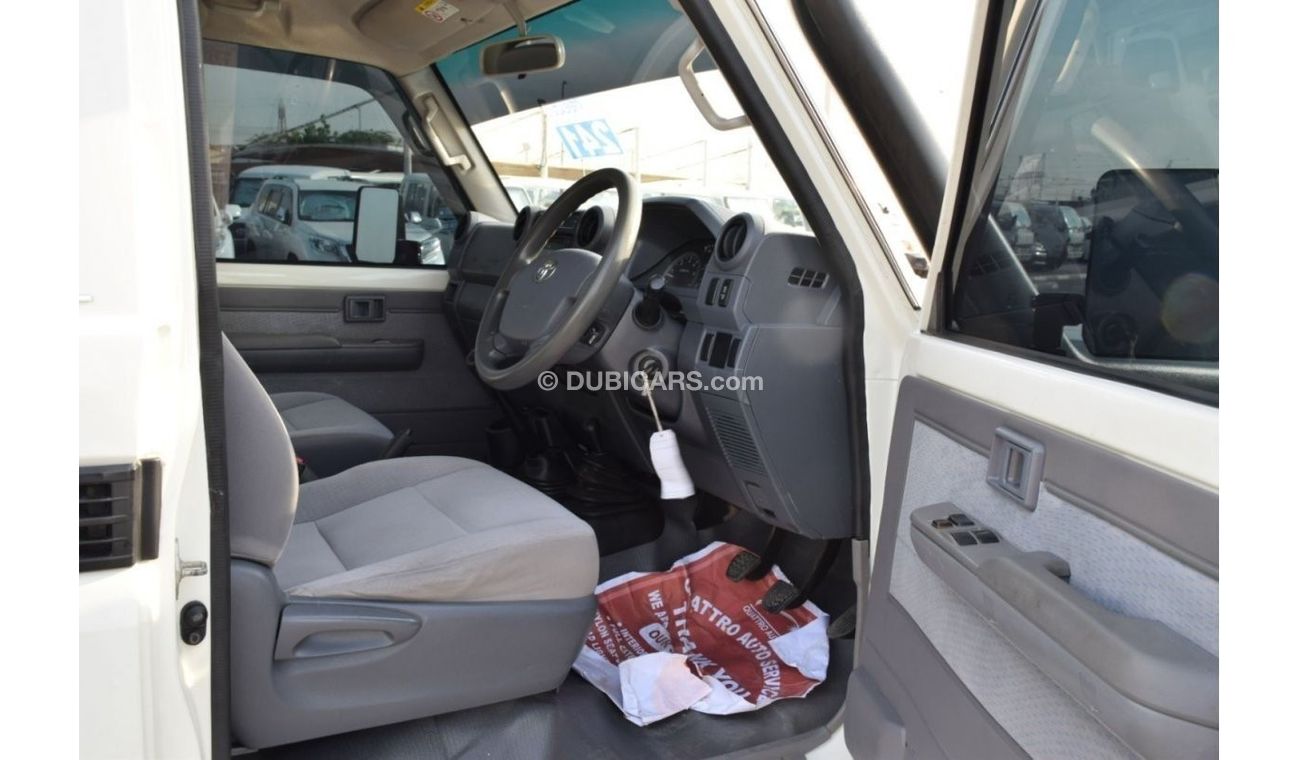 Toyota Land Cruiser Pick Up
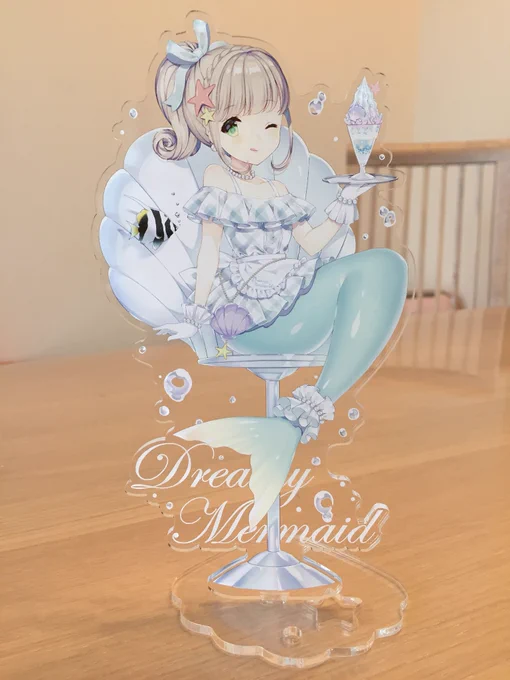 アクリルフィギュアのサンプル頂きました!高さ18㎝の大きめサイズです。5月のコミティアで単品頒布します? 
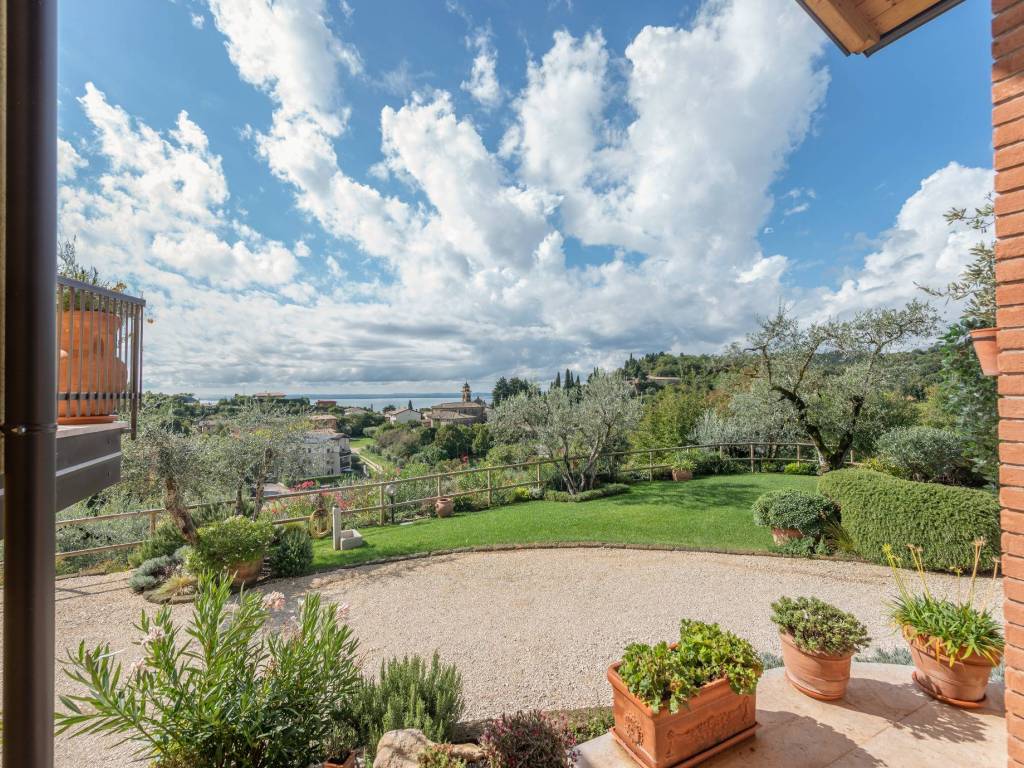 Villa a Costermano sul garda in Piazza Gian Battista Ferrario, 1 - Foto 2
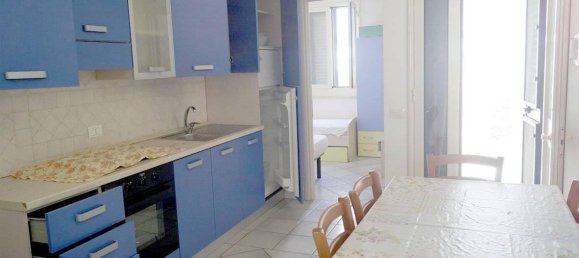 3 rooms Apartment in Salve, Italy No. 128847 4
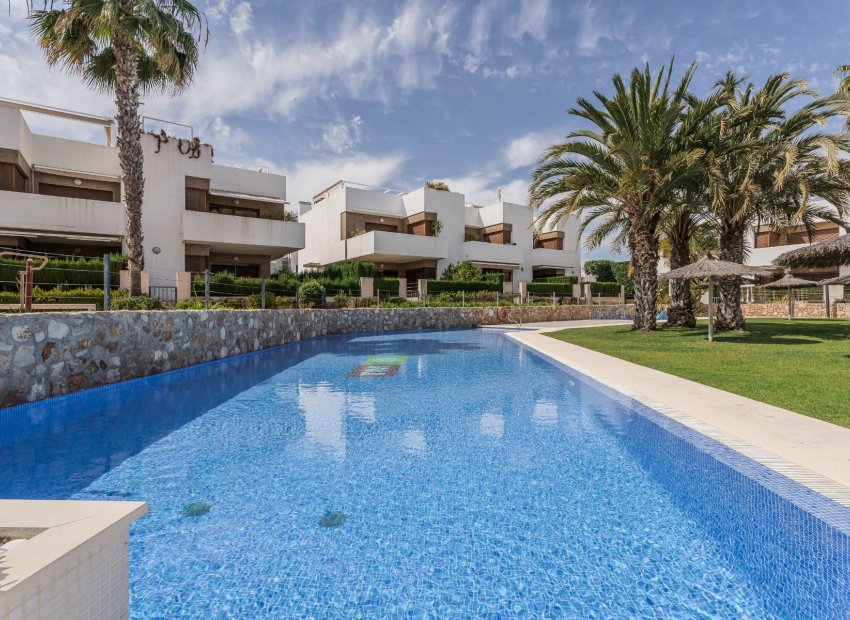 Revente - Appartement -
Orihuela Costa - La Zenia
○ ○ ○ ○
- _YOUR INSTRUCTIONS_:
Print the data above in full and exactly as it appears, skipping the pictures.

- _WRITTEN RESPONSE_:
 Toyota Land Cruiser Pick Up
 アクリルフィギュアのサンプル頂きました!高さ18㎝の大きめサイズです。5月のコミティアで単品頒布します? 
 Villa a Costermano sul garda in Piazza Gian Battista Ferrario, 1 - Foto 2
 3 rooms Apartment in Salve, Italy No. 128847 4
 Revente - Appartement -
Orihuela Costa - La Zenia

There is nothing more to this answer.